Many studies have found that, whether one likes it or not, the digital environment is dominating and one cannot avoid it totally. The solution is to ﬁnd means and ways to balance the attention of the child by creating a good home-library with a collection comprising of many attractive traditional objects along with good books. It has been seen that due to convenience and price, digital media may replace print media permanently, and that it is conceivable that print media will be replaced by more convenient tablet devices in the future.

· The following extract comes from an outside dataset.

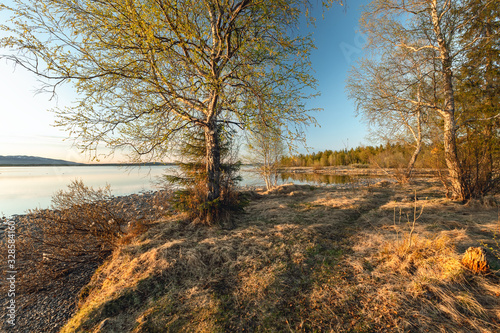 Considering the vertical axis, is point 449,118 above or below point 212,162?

The interplay of nature on the human mind, behaviour and emotion with space, time, resources, abilities and values are getting lost, because today many children growing up in the digital age have fewer opportunities to experience nature as they are engaged in the virtual world. At the same time, considering the merits of digital technology, it is diﬃcult to limit children from these digital devices. Diverting their attention using suitable alternatives and also having the parents’ attention and constant support is very essential. The onus is on the parents to set a good model to balance the use of traditional materials with electronic devices at home beginning from very early childhood.